Train a model on the speech_commands_v0.02 dataset.
This script trains a model on the speech_commands_v0.02 dataset. The dataset
is downloaded from the TensorFlow website if it is not already present.
The models are defined in models.py, according to [Sainath15]. The model is
trained using the tf.keras API.
The model is trained using the Adam optimizer and sparse categorical
cross entropy loss. The model is trained for 100 epochs and the accuracy
and loss are plotted using matplotlib.
Usage:
train.py <model> [--batch_size=<batch_size>] [--epochs=<epochs>] [--loss=<loss>] [--lr=<lr>] [--metrics=<metrics>]
train.py (-h | --help)
train.py --version
Options:
-h --help Show this screen.
--batch_size=<batch_size> Batch size [default: 256].
--epochs=<epochs> Number of epochs [default: 300]
--loss=<loss> Loss function [default: sparse_categorical_crossentropy]

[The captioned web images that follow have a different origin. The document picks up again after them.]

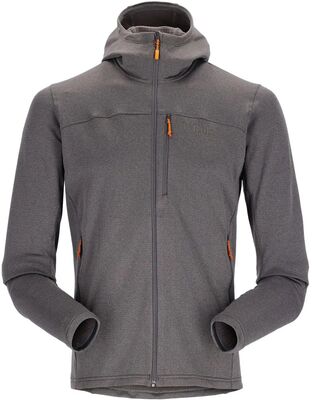 Флісова кофта Rab Gravition Hoody Graphene
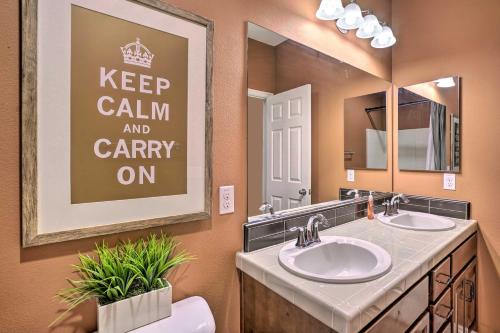 Bathroom, Single-Story San Bernardino Home with View! in San Dimas (CA)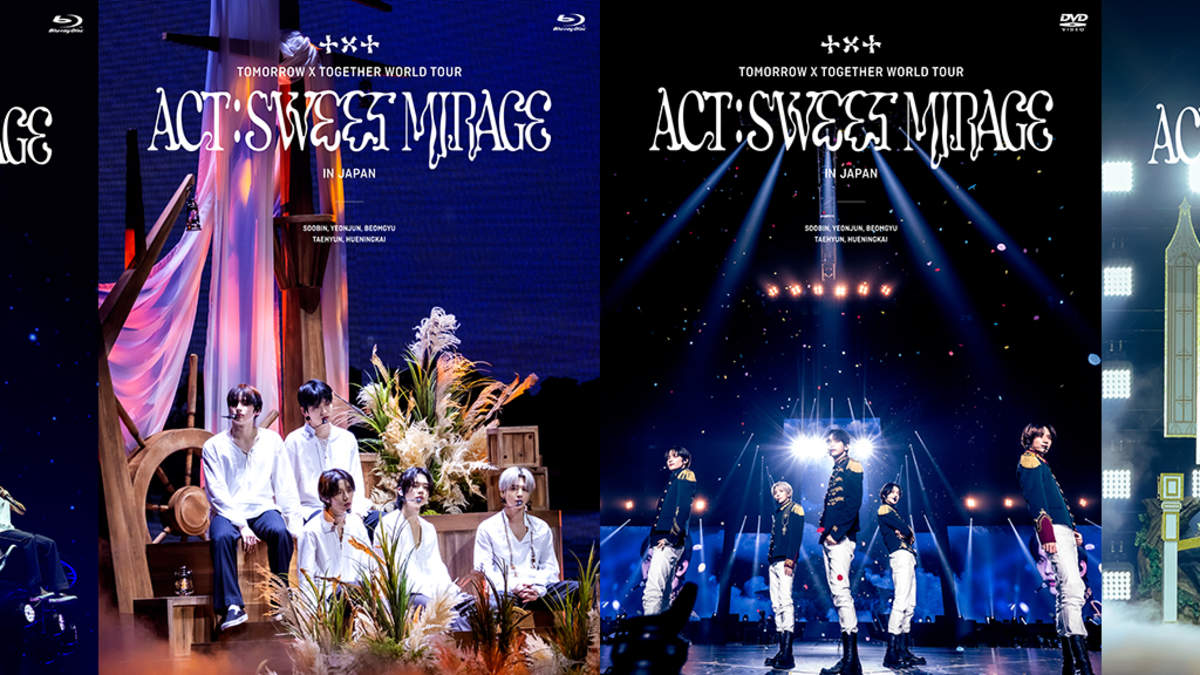 TOMORROW X TOGETHER、＜ACT : SWEET MIRAGE＞日本公演から2つの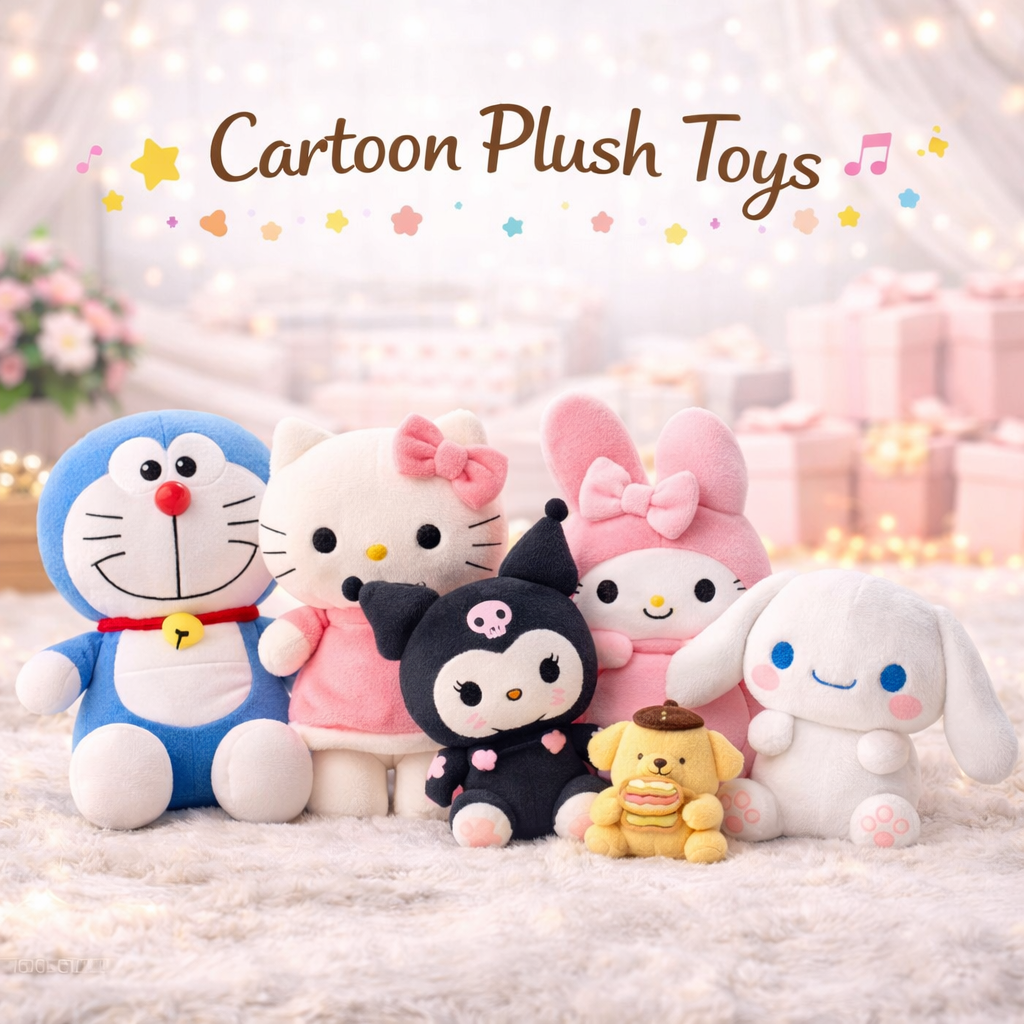 Cartoon Plush Toys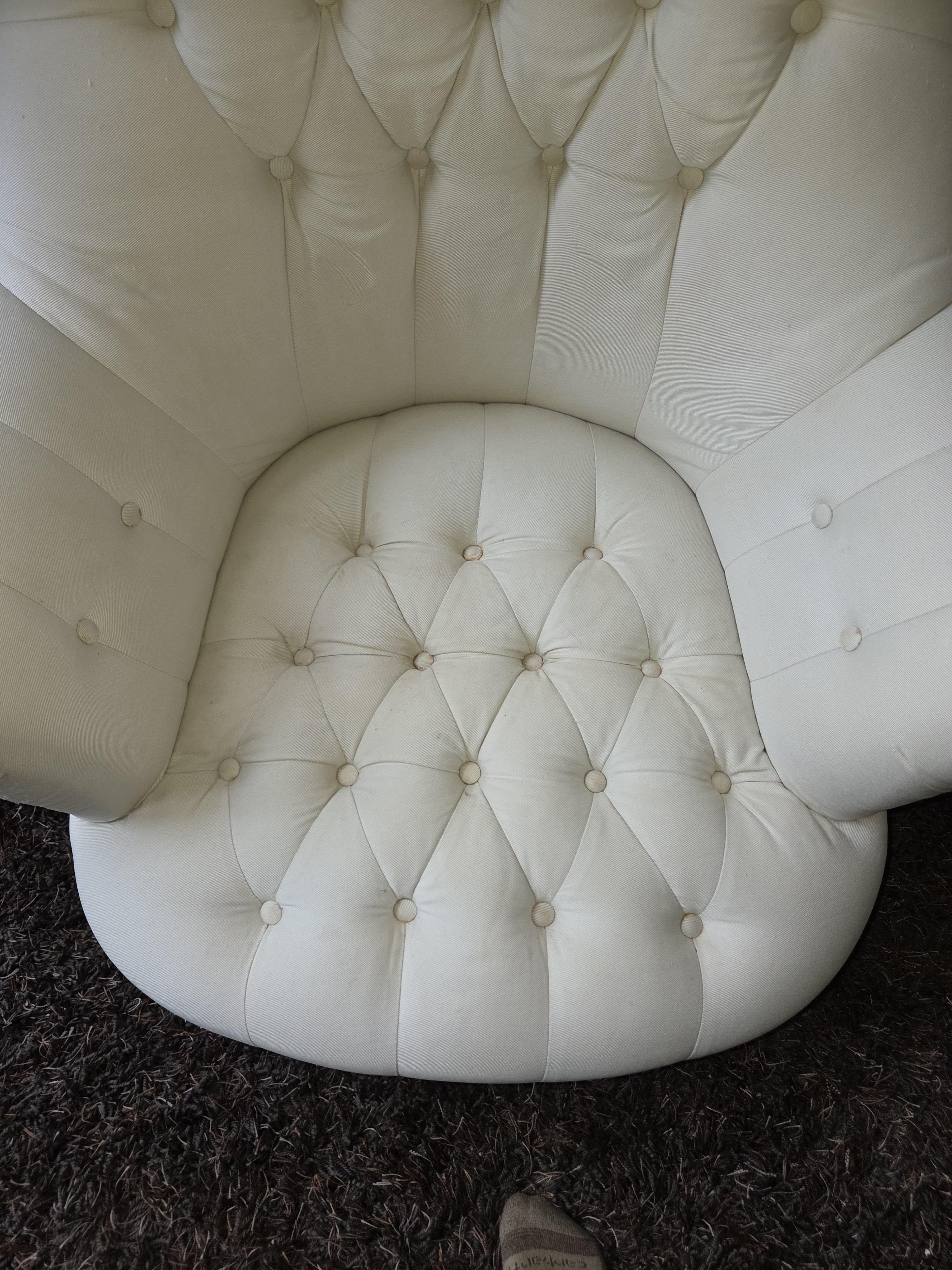 Upholstery Cleaning After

--lr=<lr> learing rate [default: 0.001]
--metrics=<metrics> Metrics [default: accuracy].
Example:
python train.py cnn_trad_fpool3 --batch_size=64 --epochs=100 --loss=sparse_categorical_crossentropy --lr=0.001 --metrics=accuracy
"""
import os
import models
import tensorflow as tf
from tensorflow.keras.callbacks import TensorBoard
from dataset import DataLoader, DataVisualizer, DatasetBuilder
from docopt import docopt
def input_pipeline(path:str='DATA/speech_commands_v0.02',
method_spectrum:str='log_mel',
test_ratio:float=0.15,
val_ratio:float=0.05,
batch_size:int=64,
shuffle_buffer_size:int=1000,
shuffle:bool=True,
seed:int=42,
verbose:int=1,
augmentation:bool=True
):
"""
Get the data.
Parameters
----------
path : str
Path to the data.
method_spectrum : str
Method to compute the spectrum.
test_ratio : float
Ratio of the data to be used as test set.
val_ratio : float
Ratio of the data to be used as validation set.
batch_size : int
Batch size.
shuffle_buffer_size : int
Shuffle buffer size.
shuffle : bool
Whether to shuffle the data.
seed : int
Seed for the random number generator.
verbose : int
Verbosity level.
Returns
-------
train : tf.data.Dataset
Training dataset.
test : tf.data.Dataset
Test dataset.
val : tf.data.Dataset
Validation dataset.
commands : list
List of commands.
"""
# Get the files.
data = DataLoader(
path=path
)
commands = data.get_commands()
filenames = data.get_filenames()
train_files, test_files, val_files = data.split_data(
filenames=filenames,
test_ratio=test_ratio,
val_ratio=val_ratio,
shuffle=shuffle,
seed=seed,
verbose=verbose
)
ds = DatasetBuilder(
commands=commands,
train_filenames=train_files,
test_filenames=test_files,
val_filenames=val_files,
batch_size=batch_size,
buffer_size=shuffle_buffer_size,
method=method_spectrum
)
train, test, val = ds.preprocess_dataset_spectrogram(augment=augmentation)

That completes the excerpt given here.